PARIS: Le ministre français des Armées Sébastien Lecornu a dénoncé jeudi de récentes "tentatives de prises de contrôle" russes sur des patrouilles aériennes et maritimes françaises, citant notamment un récent incident en mer Noire.

"Vous avez des tentatives de prises de contrôle de la part des Russes d'un certain nombre de nos patrouilles. (...) Un système de contrôle aérien russe a menacé d'abattre des avions français en mer Noire alors que nous étions dans une zone internationalement libre dans laquelle nous patrouillons", a-t-il déclaré à la radio française RTL.

Cet incident remonte au mois de novembre et a visé un avion français de type AWACS, spécialisé dans les opérations aériennes de contrôle et de détection, a précisé lors d'un point presse jeudi le ministère des Armées.

"C’était un échange radio particulièrement agressif", a détaillé le ministère, précisant qu'une telle tentative d'intimidation dans cette zone était "une première" même si d'autres interactions aériennes avec les forces armées russes ont déjà eu lieu par le passé dans d'autres zones géographiques.

"L’avion est revenu en France, ça ne nous a pas empêché de reprogrammer ce genre de mission", a ajouté le ministère, soulignant que cet incident avait eu lieu alors que l'avion français survolait "les eaux internationales, en parfaite cohérence avec le respect du droit international".

Un navire de guerre russe en baie de Seine

"Vous avez des opérateurs russes qui menacent des pilotes français d'abattre leurs aéronefs", a-t-il poursuivi.

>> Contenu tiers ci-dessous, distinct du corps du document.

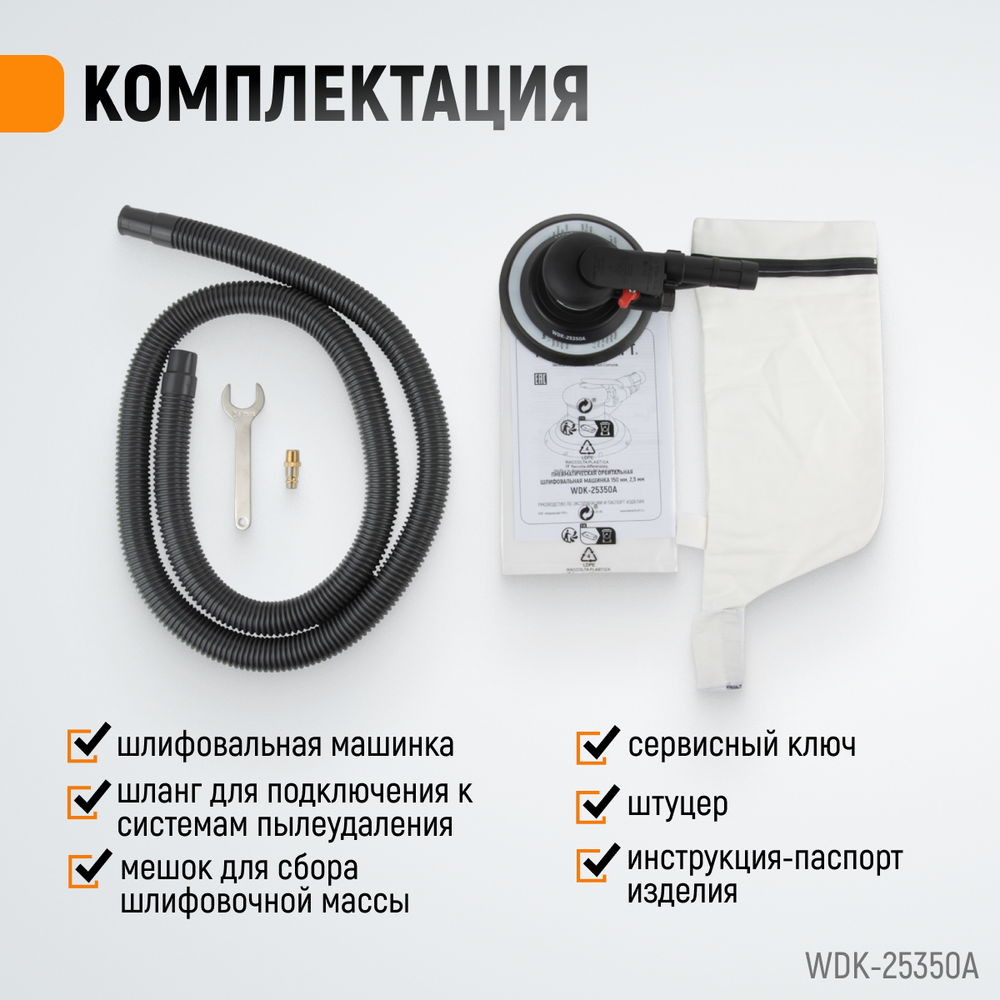 WDK-25350A Пневматическая орбитальная шлифовальная машина 150 мм, 2,5 мм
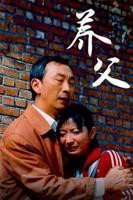 我的养父中字ID韩剧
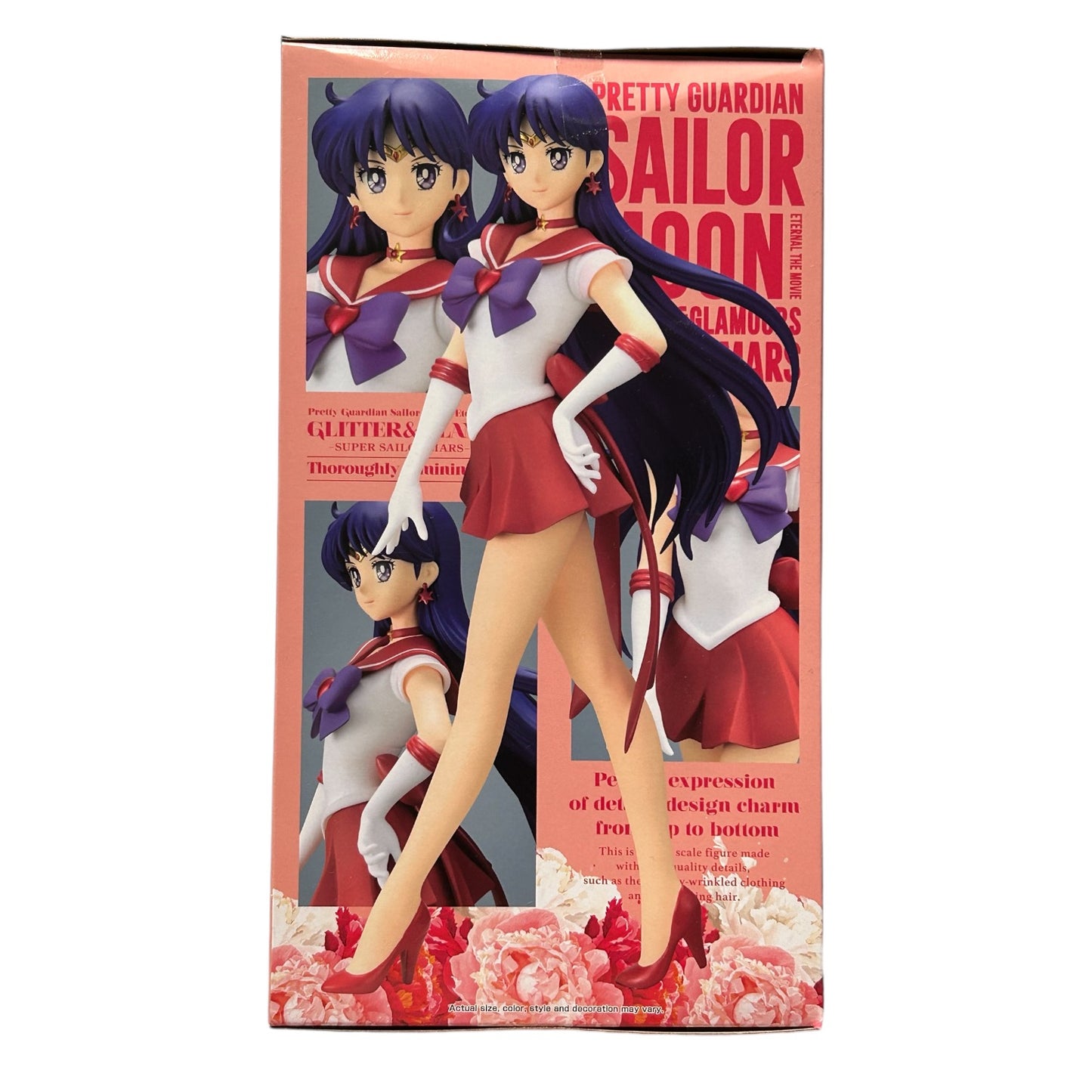 Sailor Moon - Glitter&Glamours: Sailor Mars Ver.B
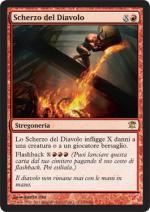 Scherzo del Diavolo   innistrad 140-Wizard of the Coast- nuvolosofumetti.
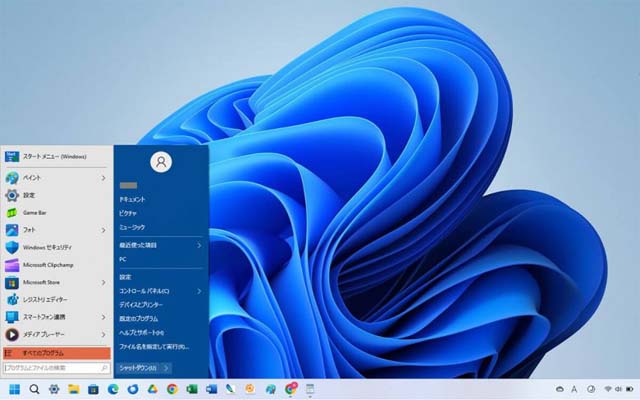 Windows10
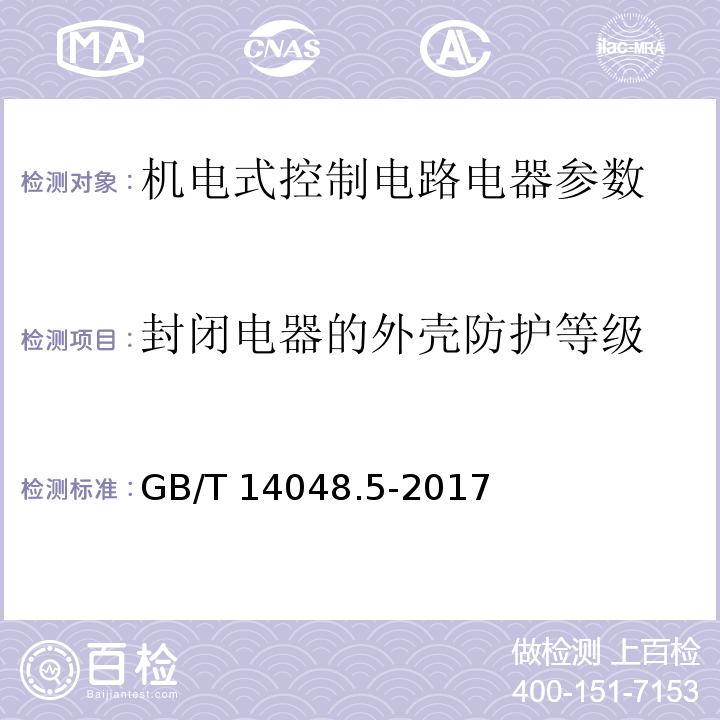 封闭电器的外壳防护等级 低压开关设备和控制设备第5-1部分：控制电路电器和开关元件 机电式控制电路电器 GB/T 14048.5-2017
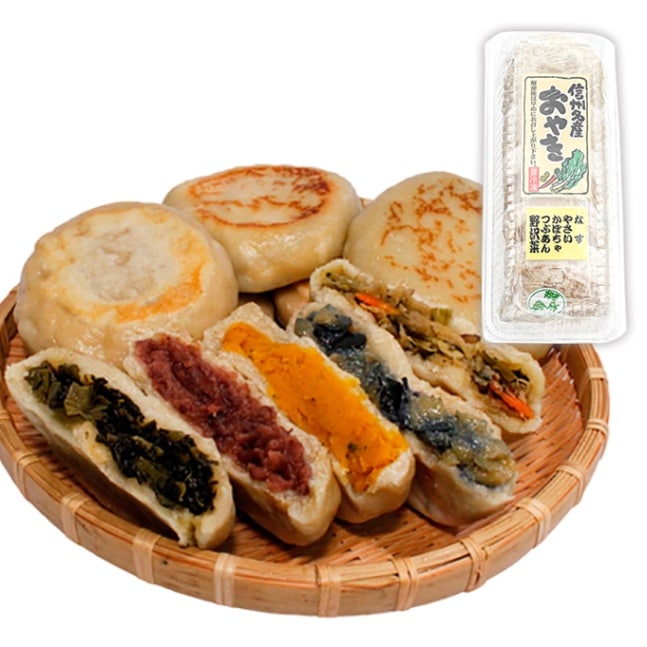 【冷凍便送料別】信州名産おやき（薄皮、冷凍） 5個入（なす・やさい・かぼちゃ・つぶあん・野沢菜）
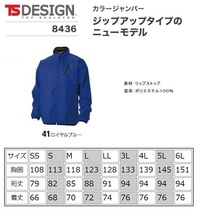 ビックイナバ特価◆TSDESIGN 8436 カラージャンパー【41ロイヤルブルー・Mサイズ】撥水・防風、定価1枚5940円の品、即決1000円_画像1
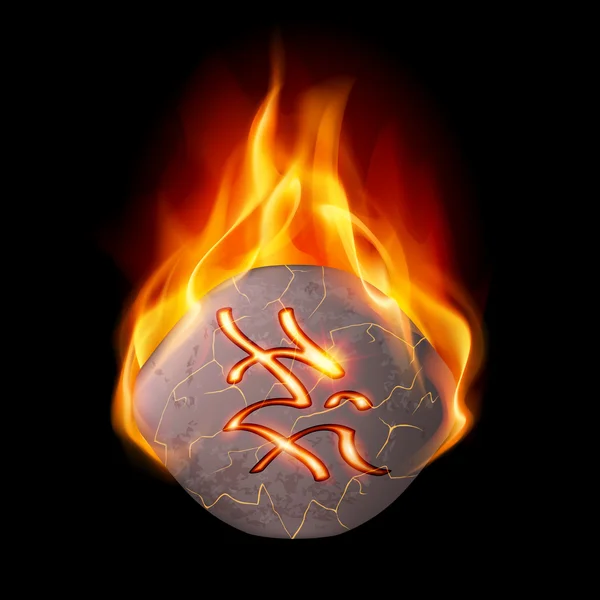 Piedra ardiente con runa mágica — Vector de stock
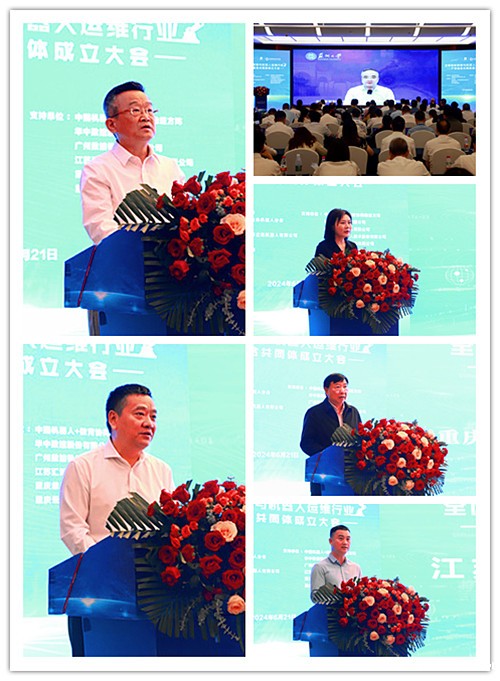 1719517105976135.jpg 致辞.jpg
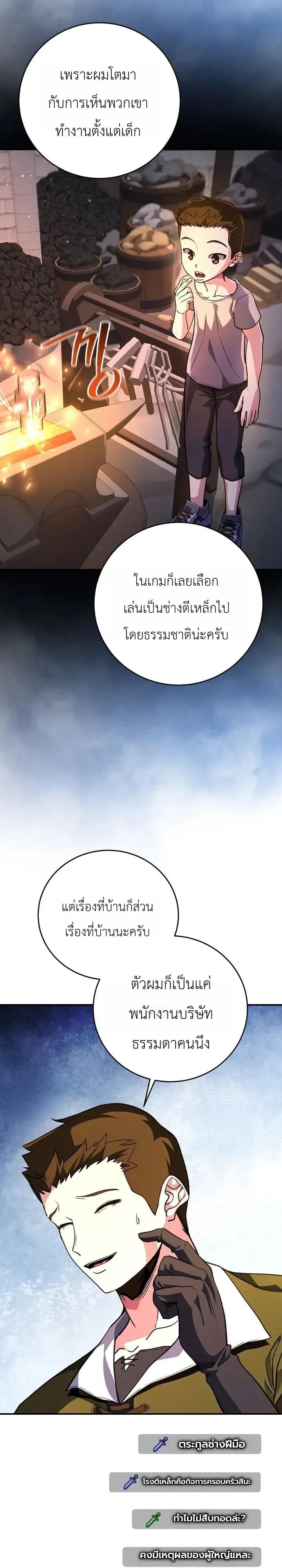 The Returnee’s Hidden Strategy Stream สตรีมเมอร์หวนคืน55ชาติ ตอนที่ 41 หน้า 21
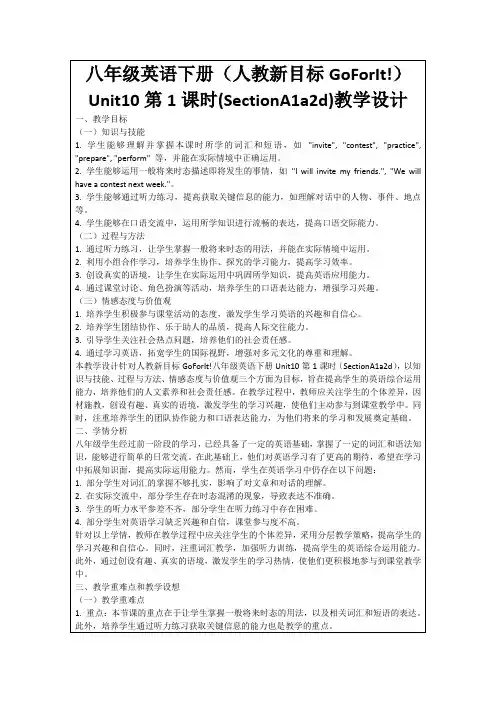 八年级英语下册(人教新目标GoForIt!)Unit10第1课时(SectionA1a2d)教学设计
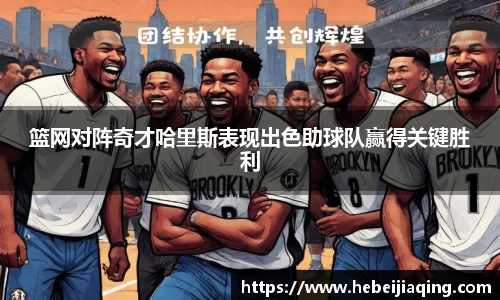 篮网对阵奇才哈里斯表现出色助球队赢得关键胜利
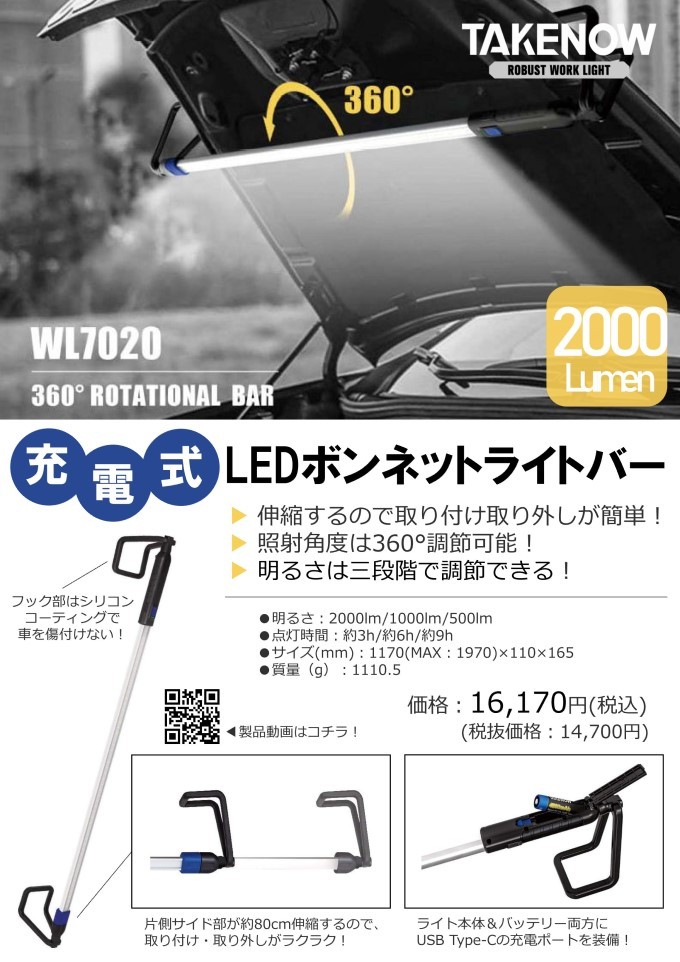 TAKENOW WL7020 3.6V充電式LEDボンネットライトバー : wl7020 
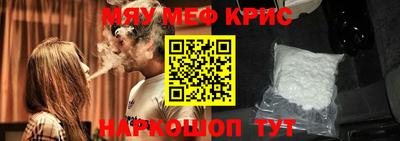 МДМА Наро-Фоминск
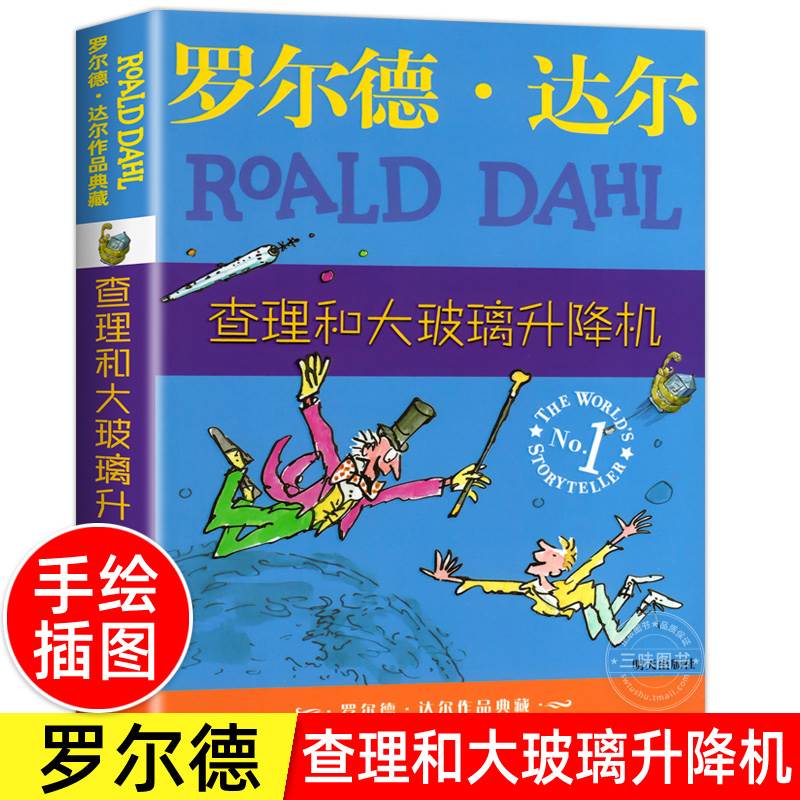 查理和大玻璃升降机罗尔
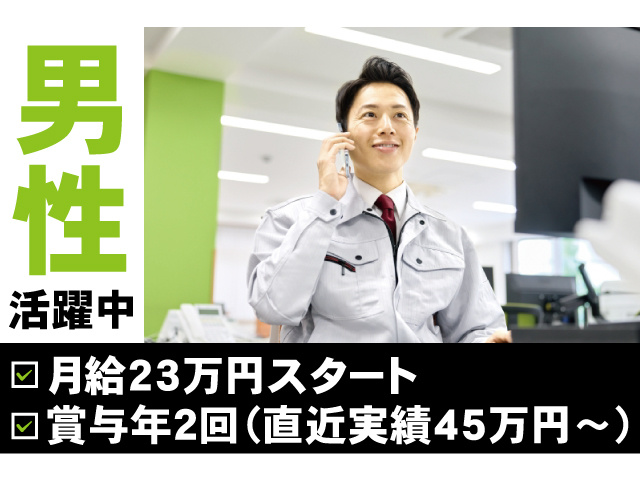 男性活躍中。月給23万円スタート、賞与年2回（直近実績45万円～）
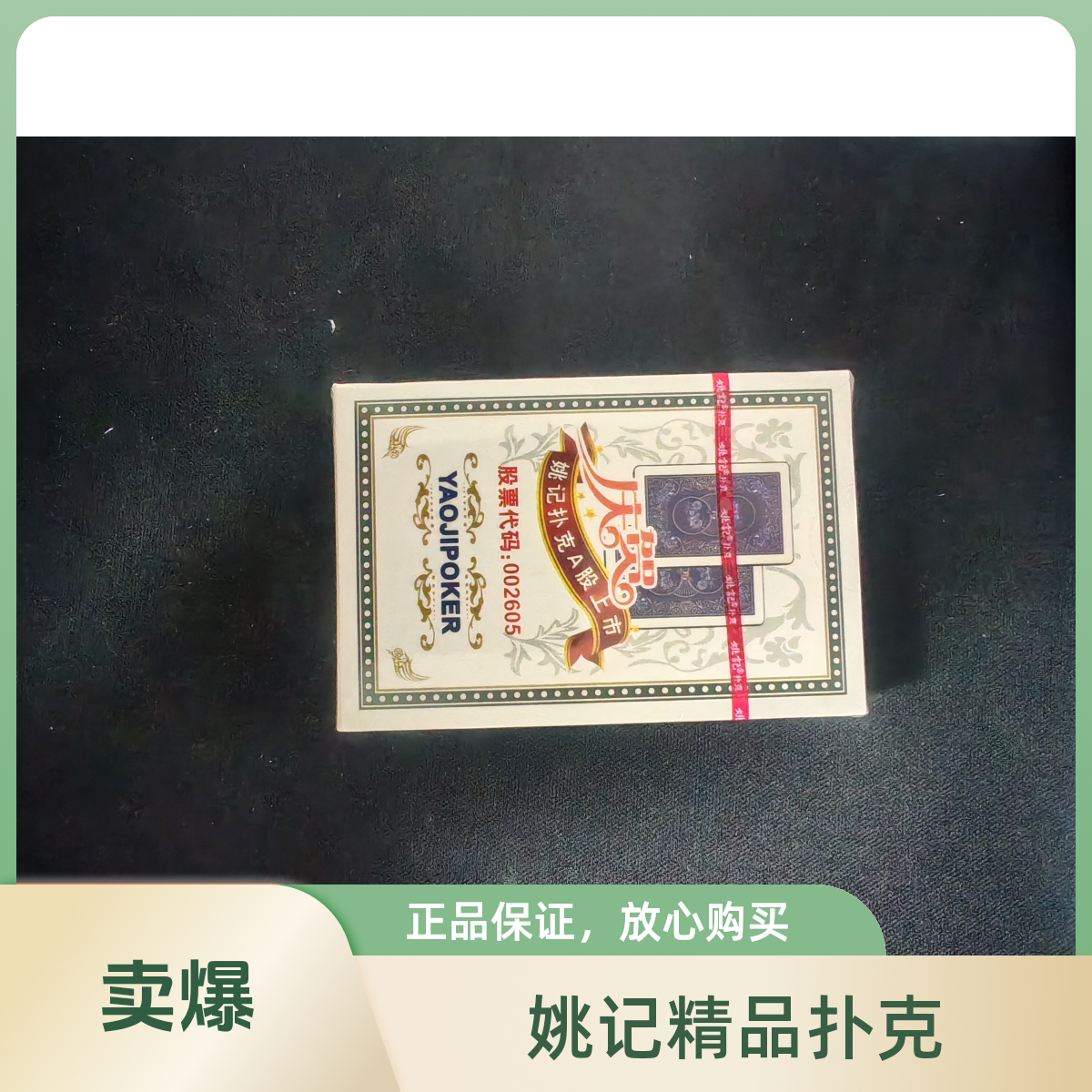 969扑克魔术道具扑克牌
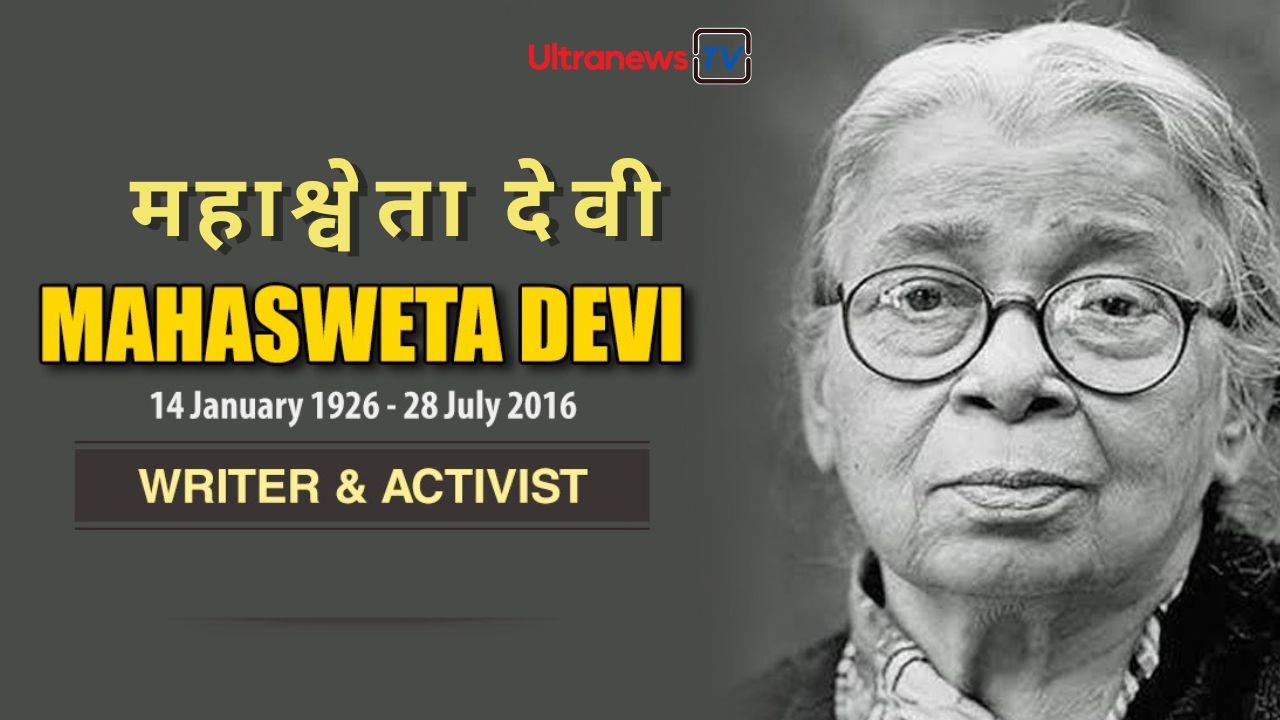 महाश्वेता देवी - Mahasweta Devi : सामाजिक न्याय की मशाल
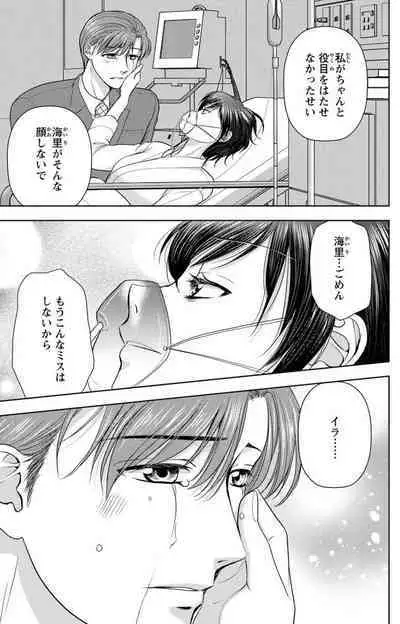 Tsumetai Miruku Boku wa Kimi no Otoko~Chp.1-14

Il s'agit de patrouilles aériennes et maritimes censées garantir la liberté de circulation sur plusieurs mers du globe.

Le ministre a également évoqué un navire de guerre russe qui a mouillé en baie de Seine, certes dans une zone internationale mais "comme pour venir intimider la France".

Le gouvernement souligne depuis plusieurs jours un positionnement russe "agressif" et hybride, c'est-à-dire dans plusieurs domaines comme le cyber, la désinformation, l'énergie, l'alimentation, outre les attaques militaires frontales.

"C'est vieux comme la guerre froide" mais "la Russie joue avec les seuils en matière d'agressivité", a-t-il conclu, citant une attaque cyber cette fois visant une entreprise de défense française et notamment sa production d'armements.

Le ministre français des Armées Sébastien Lecornu a appelé ce week-end au renforcement des mesures de sécurité face aux menaces de "sabotage et de cyberattaque" russes qui visent son ministère "au premier chef", dans une note interne dont l'AFP a eu connaissance mardi.